ABOUT THIS TASK
From the line that holds "Рубашка в полоску" to the end of the records, reproduce every line exactly. No pictures.

(Beginning of PROVIDED DATA)

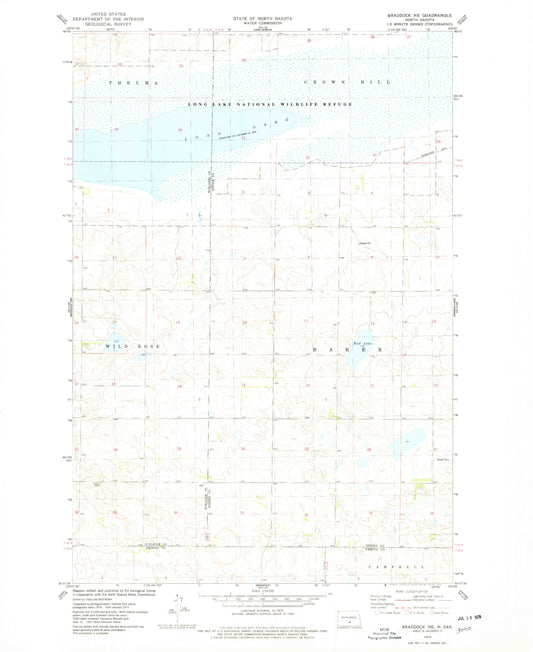 Classic USGS Braddock NE North Dakota 7.5'x7.5' Topo Map Image
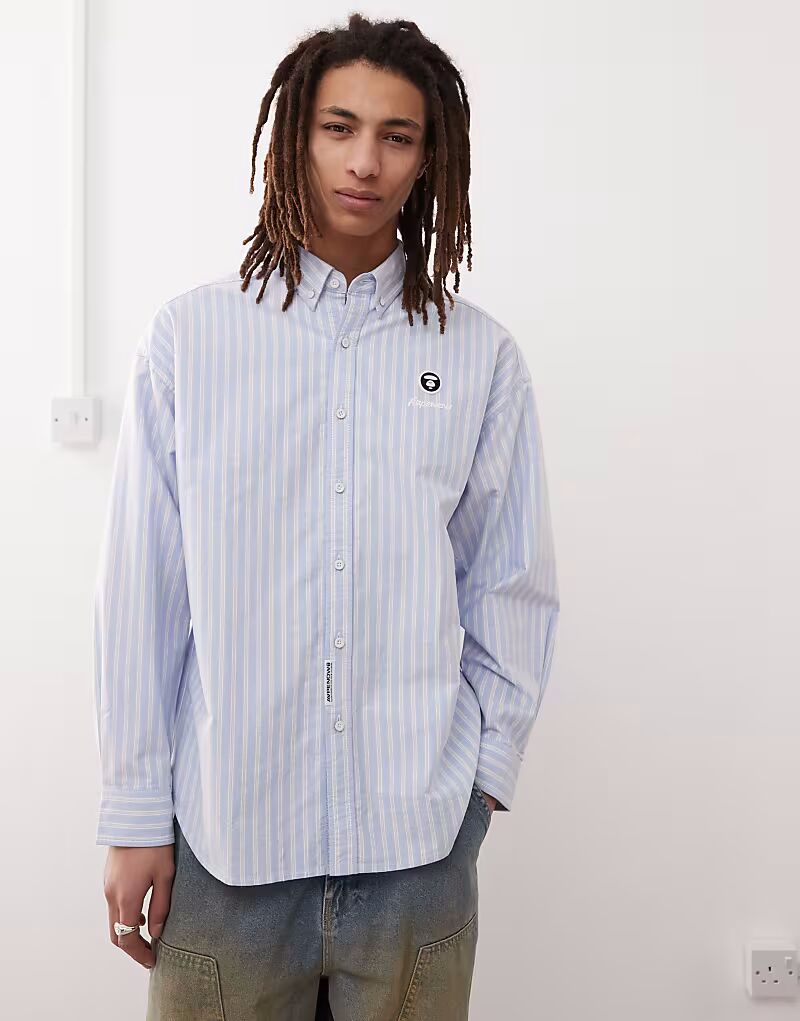 

Рубашка в полоску с длинными рукавами Aape by A Bathing Ape синего цвета AAPE BY A BATHING APE
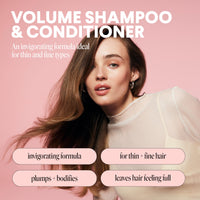 Thumbnail for MONDAY HAIRCARE Volume Shampoo + Conditioner Set (2 Count) 12 oz. For Thin, Fine, and Oily Hair Made with Coconut Oil, Ginger Extract, and Vitamin E 100% Recyclable Bottle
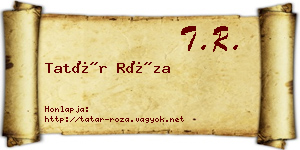 Tatár Róza névjegykártya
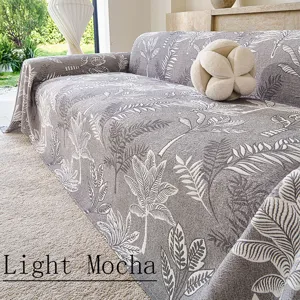 Nordic style three-layer gauze sofa cover, breathable sofa blanket for all seasons.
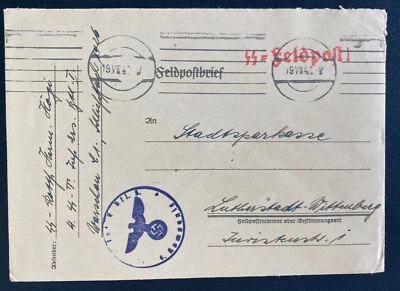 1941 Germany SS Feldpost Stampless Postcard Cover To Wittenberg - Image 1 of 2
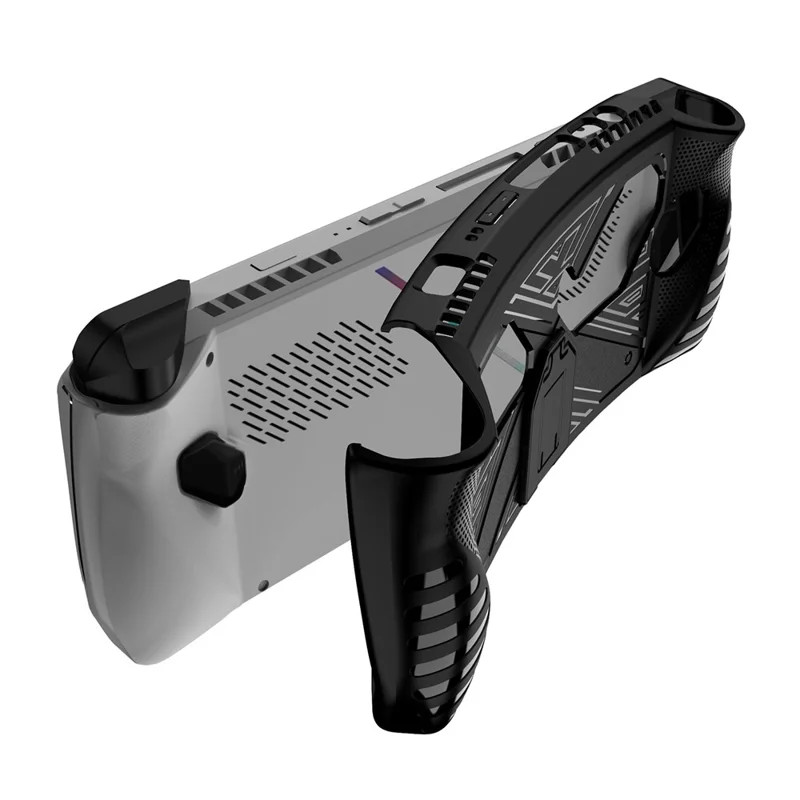 For Asus ROG ALLY Game Console Soft TPU Case Anti-drop Protective Cover with PC Kickstand - Black
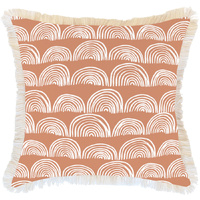 Cushion Cover-Coastal Fringe- Rainbows-Clay-60cm x 60cm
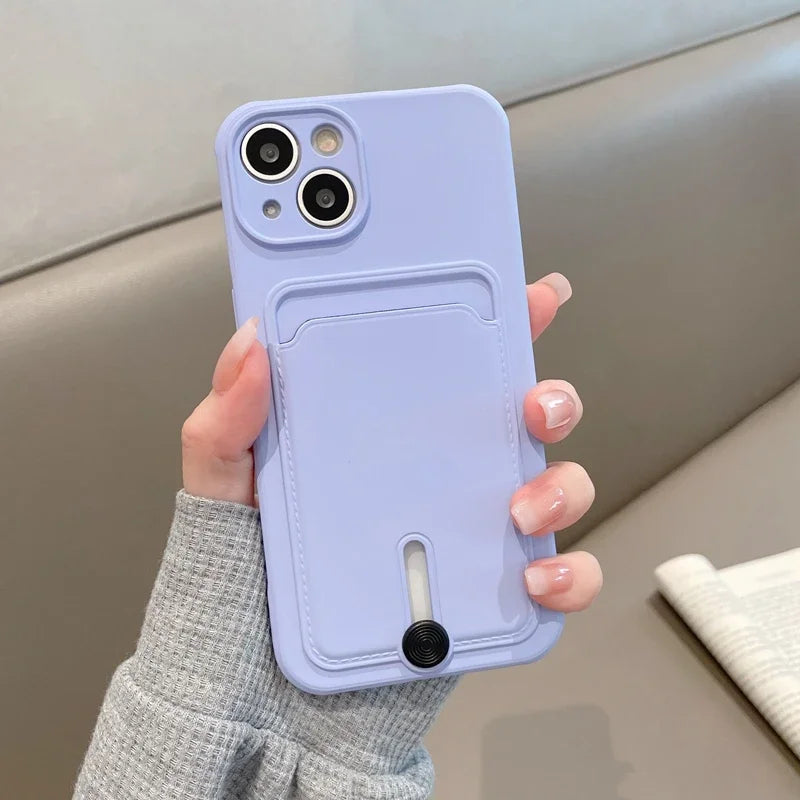 iPhone 16 15 14 Silicone Card Holder Case with Full Camera Protection — iPhone 16 Silicone Card Holder Case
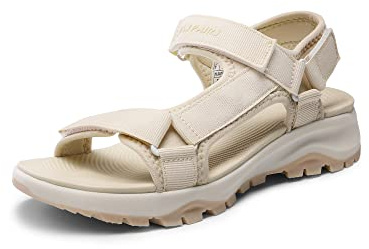 DREAM PAIRS Damen Sportsandalen Sandalen Damen mit Komfortsohle Profilsohle Mesh anpassbare Gurtbänder Farbvielfalt für Freizeit Alltag,Size 38,Beige,SDSA2320W-E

(End of PROVIDED DATA)

TASK RESPONSE
Рубашка в полоску с длинными рукавами Aape by A Bathing Ape синего цвета AAPE BY A BATHING APE
 Thumbnail for MONDAY HAIRCARE Volume Shampoo + Conditioner Set (2 Count) 12 oz. For Thin, Fine, and Oily Hair Made with Coconut Oil, Ginger Extract, and Vitamin E 100% Recyclable Bottle
 Tatár Róza névjegykártya
 Nordic style three-layer gauze sofa cover, breathable sofa blanket for all seasons.
 1941 Germany SS Feldpost Stampless Postcard Cover To Wittenberg - Image 1 of 2
 For Asus ROG ALLY Game Console Soft TPU Case Anti-drop Protective Cover with PC Kickstand - Black
 Cushion Cover-Coastal Fringe- Rainbows-Clay-60cm x 60cm
 iPhone 16 15 14 Silicone Card Holder Case with Full Camera Protection — iPhone 16 Silicone Card Holder Case
 DREAM PAIRS Damen Sportsandalen Sandalen Damen mit Komfortsohle Profilsohle Mesh anpassbare Gurtbänder Farbvielfalt für Freizeit Alltag,Size 38,Beige,SDSA2320W-E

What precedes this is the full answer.